Bayesian filtering steps in to tackle these weaknesses by:

  1. Removing the need for program updates except for bug fixes and extra functionality - the filters automatically update themselves.
  2. Removing the need for a centralised reference source - filters are tuned to filter the spam that individual users receive.
  3. Scoring email by statistical analysis of email received by individual users.
  4. Being able to recognise the characteristics that make up 'good email' as well as spam.

Adaptable

Bayesian filtering works by calculating and adapting its filters to an individual user. It does this by looking at the email you have already received and classed as either good email or spam. By analysing these two groups of emails, Bayesian filters can assign scores to content and use this scoring data to analyse any new emails that are put through the filter.

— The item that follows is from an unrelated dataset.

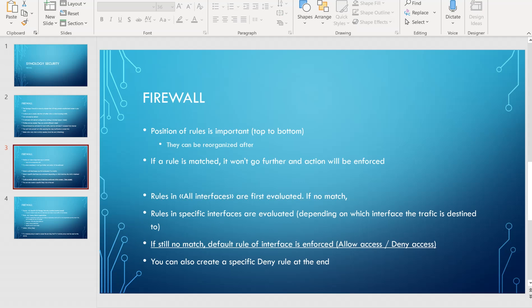In terms of priority, rules in the 'all interfaces' section are evaluated first. If there is a match, it stops there. If there is no match, then rules in specific interfaces are evaluated depending on which interface the traffic is destined to. If there is still no match after all that, the default rule of the interface is enforced — either allow access or deny access.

Because this scoring data is vital in order to classify emails, some incorrect decisions can be made i.e. good email identified as spam and spam identified as good email (false positives and false negatives respectively) when an 'untrained' filter is first put into use.

Training Bayesian filters is often just a case of clicking a button in order to swap the group to which an email has been placed. Some Bayesian filters are supplied pre-trained and so will be effective out-of-the-box.